Task statement: Without including any pictures, reproduce all the lines below word for word.

Information provided:

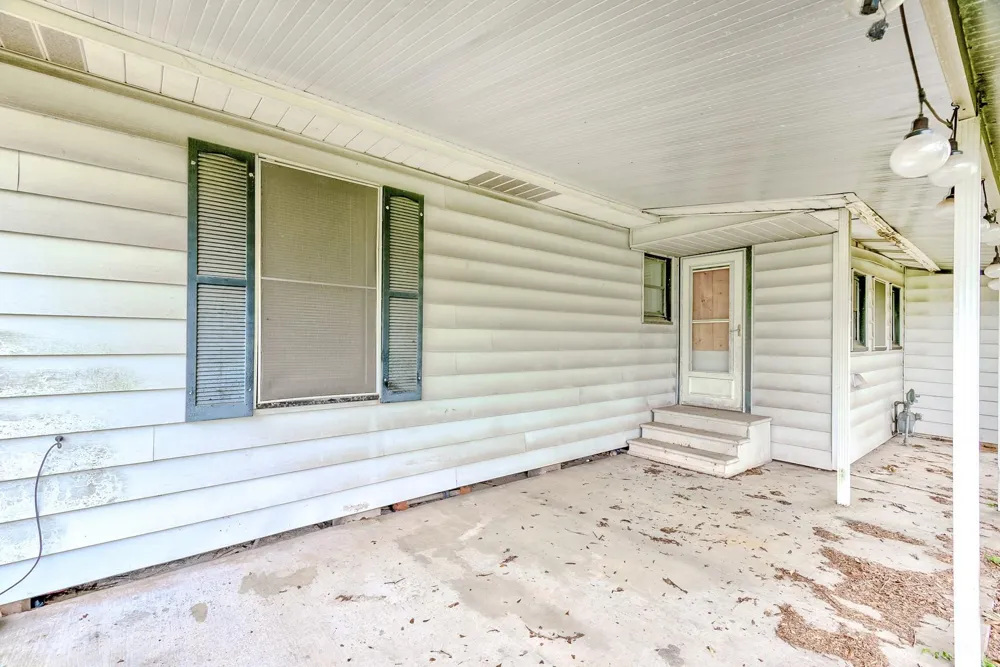 1504 Avenue K Nederland, TX 77627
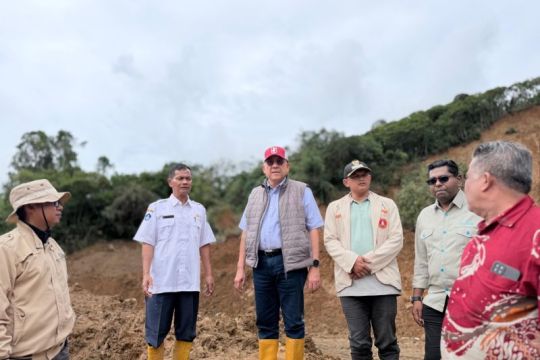 Kunjungi daerah bencana di Talamau, Irman Gusman ingatkan masalah data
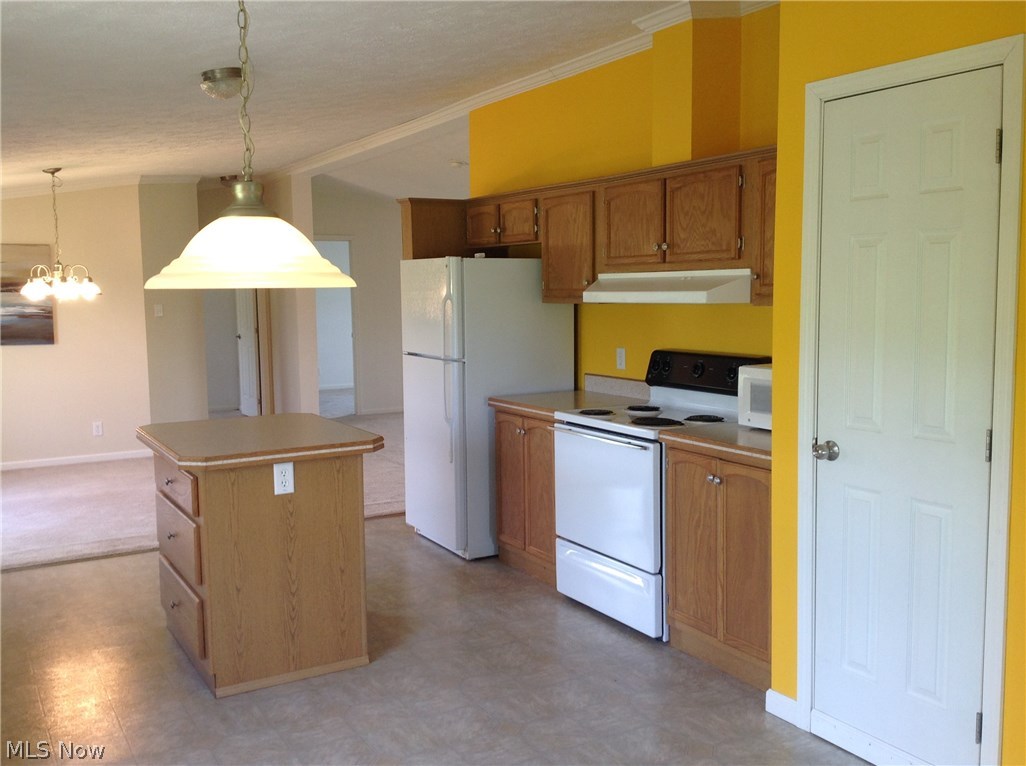 42301 Oak Ridge Road Wellsville, OH 43968 - Photo 8 of 15 Spacious bright kitchen to entertain in!
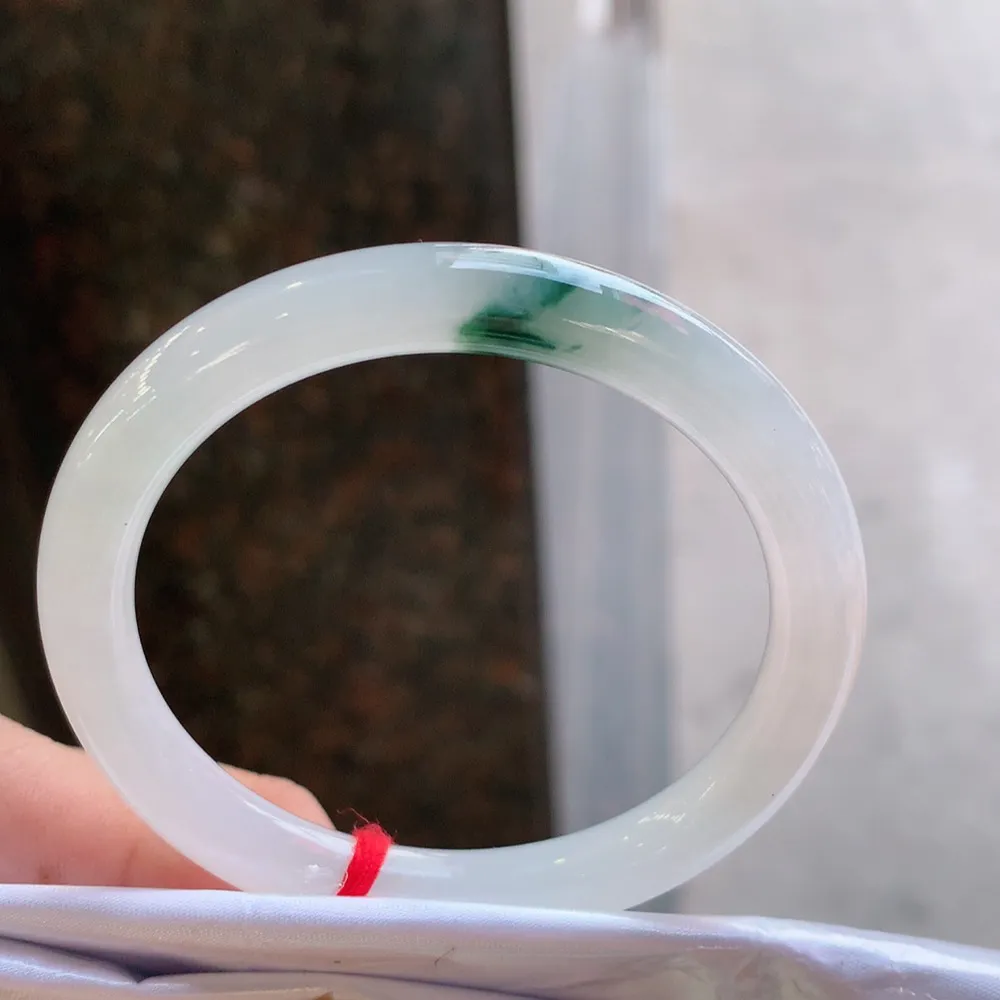 圆条冰飘花 无瑕 尺寸:51.7/7.9
花美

Answer for the task:
 1504 Avenue K Nederland, TX 77627
 Kunjungi daerah bencana di Talamau, Irman Gusman ingatkan masalah data
 42301 Oak Ridge Road Wellsville, OH 43968 - Photo 8 of 15 Spacious bright kitchen to entertain in!
 圆条冰飘花 无瑕 尺寸:51.7/7.9
花美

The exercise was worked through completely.